Mon énervement vient de ma crainte de voir ces foules qui sont capables de se réunir une fois par décennie et qui, satisfaites de leur 'courage', s'en retourner à leur léthargie quotidienne.

C'était quand la dernière fois ?

Ah oui : second tour de la présidentielle 2002, Chirac-Le Pen père !

'Non à l'Extreme-Droite, vive la République !' scandaient dans les rues beaucoup de ceux qui... n'étaient pas allés voter au premier tour.

Ensuite ?

Rien.

Ou si peu, au quotidien. La preuve ? Le FN 'dédiabolisé' fait la course dans les sondages. Le mal-vivre ensemble et l'intolérance sont plus forts que jamais.

Oublions un instant les ennemis extérieurs (à nos gouvernants d'assurer notre protection) et concentrons-nous sur notre société française.

Soupirer devant un écran de télévision en écoutant les inepties de Naceri ou Deutsch ne suffit guère, tout occupés que nous sommes avec nos vies professionnelles, familiales, etc, prenantes.

Le temps est venu, pour tous les français qui se sentent républicains, de s'interroger, d'échanger, d'apprendre, de réviser, chacun individuellement, pour pouvoir participer vraiment et peser sur le cours des choses.

À tous de s'informer sur la laïcité en France, sur l'histoire des religions qui composent notre pays aujourd'hui (la France de grand-papa ne sera plus jamais, à chacun de s'adapter intelligemment), sur l'évolution indispensable des plus jeunes d'entre elles, sur la naissance des banlieues, sur le colonialisme passé et ses conséquences contemporaines, sur les dangers d'un Patriot Act à la française, sur les guerres menées à l'extérieur.
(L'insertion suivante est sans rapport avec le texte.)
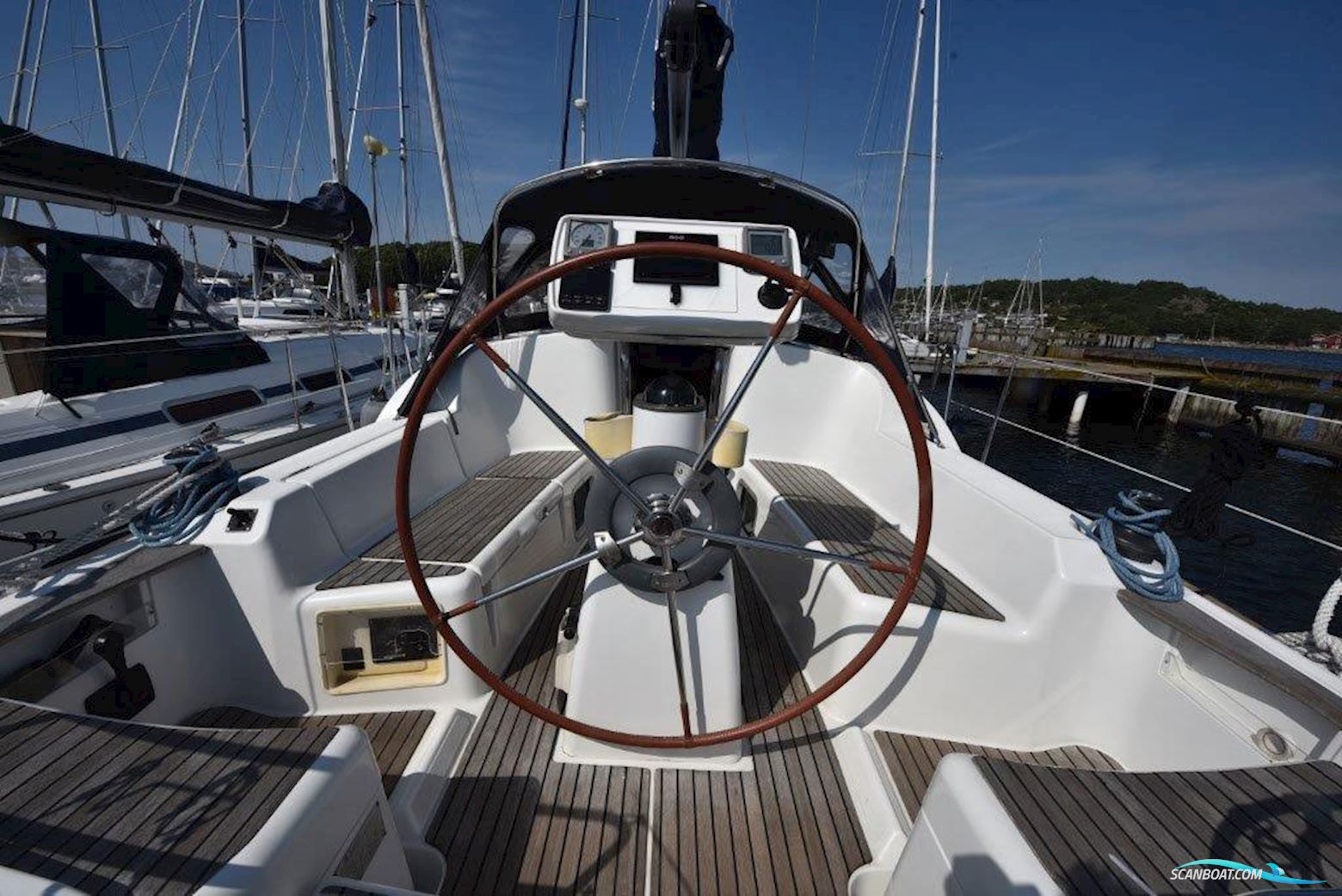 Jeanneau Jeanneau Sun Odyssey 36i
Du boulot ? Oui, du boulot !

Mais, chacun à notre niveau, avec nos capacités individuelles, c'est bien le seul moyen de, peut-être, changer notre approche des autres au quotidien;

d'empêcher la prolifération des théories complotistes imbéciles;

d'influencer nos politiques si friands de sondages, s'ils voient que la situation dans les prisons nous préoccupe, que nous sommes outrés par la discrimination envers ceux qui sont du mauvais côté du périph, que le sentiment d'appartenance nationale ressenti par tous est dans nos préoccupations centrales, que les religions, dans notre pacte commun, elles doivent rester à la maison et sont toutes secondaires face aux valeurs républicaines, etc...

De sauver, pour ceux qui le veulent encore, notre République laïque.
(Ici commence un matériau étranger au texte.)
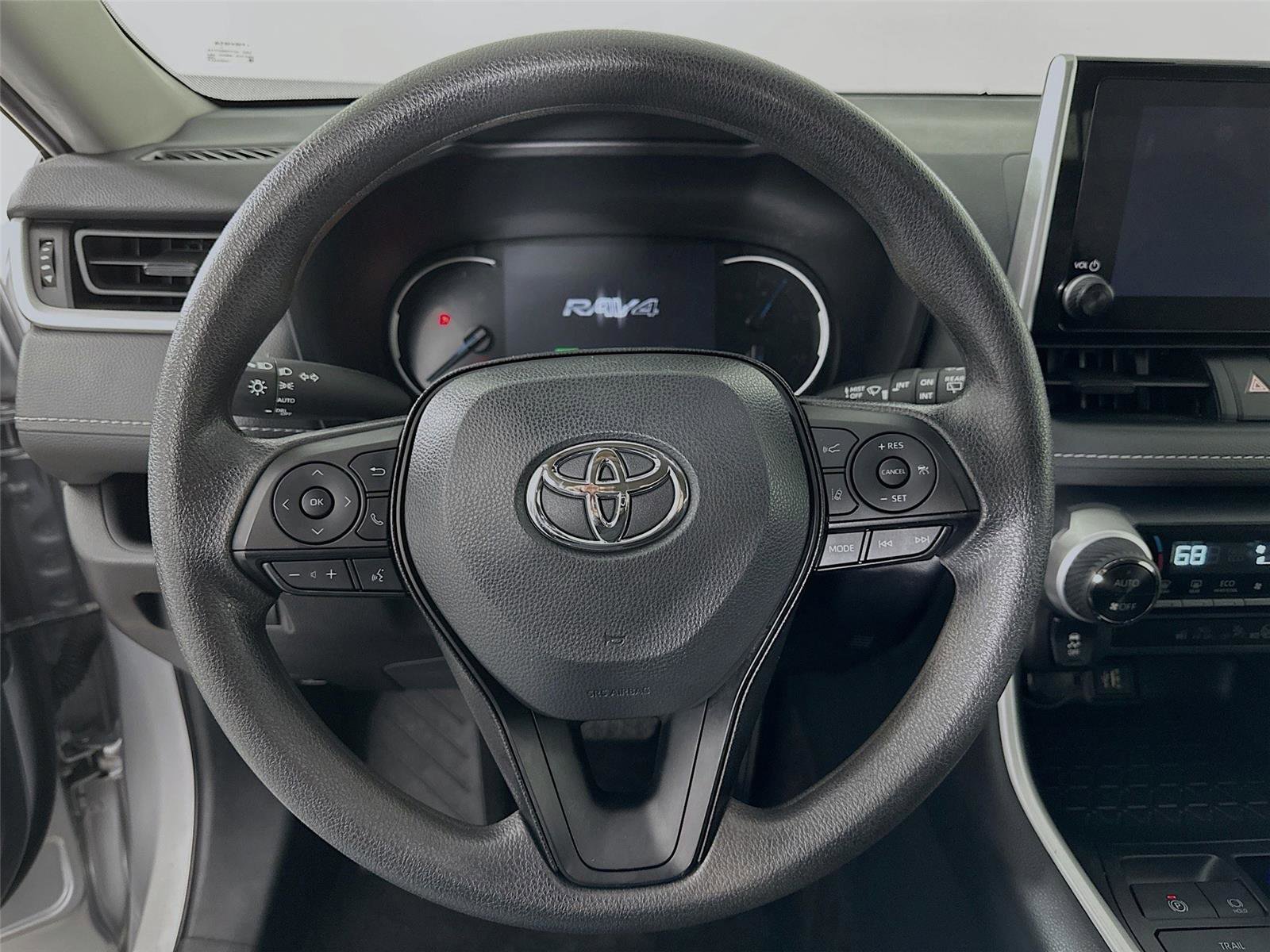Certified 2025 Toyota RAV4 XLE image 12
D'empêcher que des policiers doivent ici être déployés par sécurité, face aux amalgames des incultes (car : tout est là ! TOUT EST LÀ !) devant des synagogues, des mosquées, quoi encore ?

Car le Savoir et l'Education ont toujours été et demeureront ses meilleures armes, à la République.

'Pays des Lumières' : un titre qui se mérite et, définitivement, ne se gagne pas sans efforts particuliers.

À nous tous d'en prendre notre part et, au quotidien, de tendre la main, de rattraper, d'expliquer.

De lutter contre nos peurs et incompréhensions. De refaire le lien. De retrouver notre liant.

Notre liant vital, dans ce monde désormais plus dangereux que jamais.